Recorded data

• • • • • • •

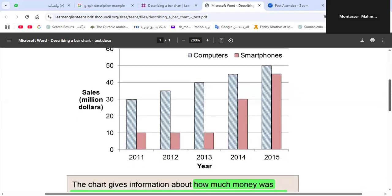When we look at this chart, we find two axes — the x-axis and the y-axis. The y-axis represents the sales; the x-axis represents the years. Sales here are for computers and smartphones. The scale is in million dollars, so 10 means 10 million dollars, 20 means 20 million dollars, up to 50 million dollars. The comparison is between the years 2011, 2012, 2013, 2014, and 2015. We have two colors: gray for computers and light purple for smartphones.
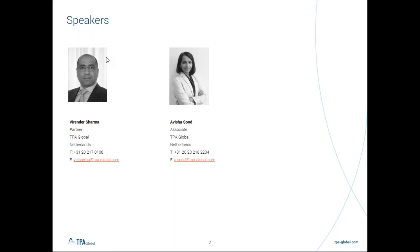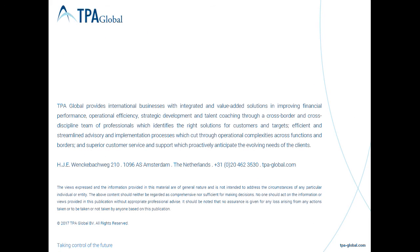We hope we have managed to answer all your questions. If not, our contact details are on the screen. We will be sharing the presentation as well as a recording of this webinar. With this, we thank you for joining and look forward to seeing you in the next of our webinars. Thank you very much.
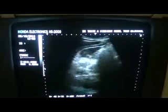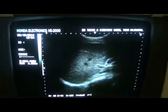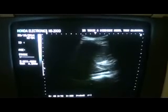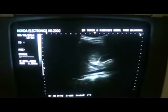This is the kidney — it appears normal. All measurements are within normal limits.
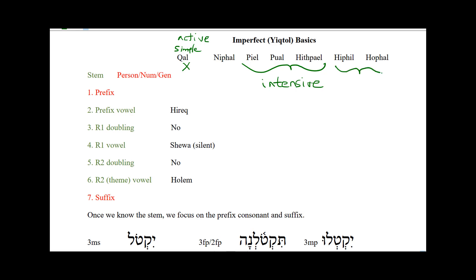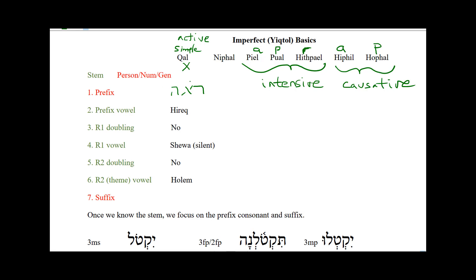Then we have the Hifil and Hofal — these are our causatives. In terms of active and passive, the Piel would be active intensive, the Pual would be passive intensive, the Hithpa'el would be reflexive intensive. In the causatives, the Hifil would be active causative, and the Hofal would be passive causative. As an example of causative, the root Ra'a — Reish Aleph He — in the Kal means 'to see,' but in the Hifil it means 'to show,' or cause to see. So to cause to see would be to show. That's an example of a root that has a form in the Kal and also in the Hifil, and we see this causative idea.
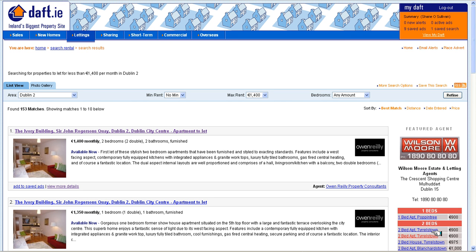Hi, my name is Shane O'Sullivan and in this video I demonstrate a new extension for Firefox and the website daft.ie. Daft.ie is a very popular search website for finding properties to buy or rent. There are many useful tools for finding and filtering properties.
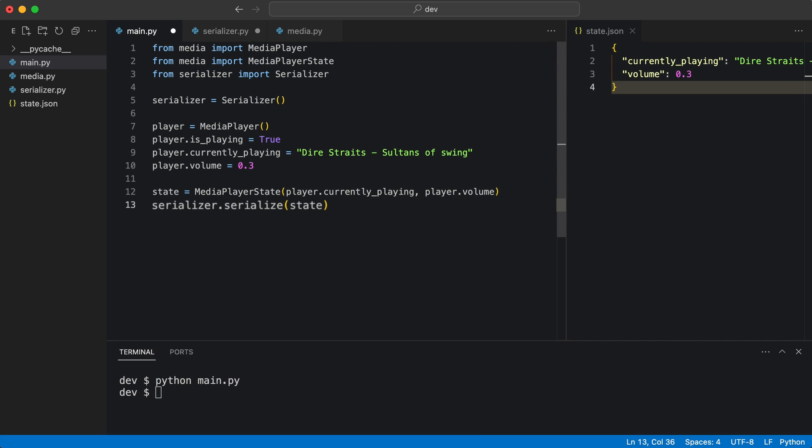I test if everything still works. Yes it does. Now I add a deserialize method.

• • • • • • •

§ **What is expected**: Give back an exact repeat of the lines from the top of the data through the line that holds "This is the", both included, and omit pictures.

§ **Result for this task**:
When we look at this chart, we find two axes — the x-axis and the y-axis. The y-axis represents the sales; the x-axis represents the years. Sales here are for computers and smartphones. The scale is in million dollars, so 10 means 10 million dollars, 20 means 20 million dollars, up to 50 million dollars. The comparison is between the years 2011, 2012, 2013, 2014, and 2015. We have two colors: gray for computers and light purple for smartphones.
We hope we have managed to answer all your questions. If not, our contact details are on the screen. We will be sharing the presentation as well as a recording of this webinar. With this, we thank you for joining and look forward to seeing you in the next of our webinars. Thank you very much.
This is the kidney — it appears normal. All measurements are within normal limits.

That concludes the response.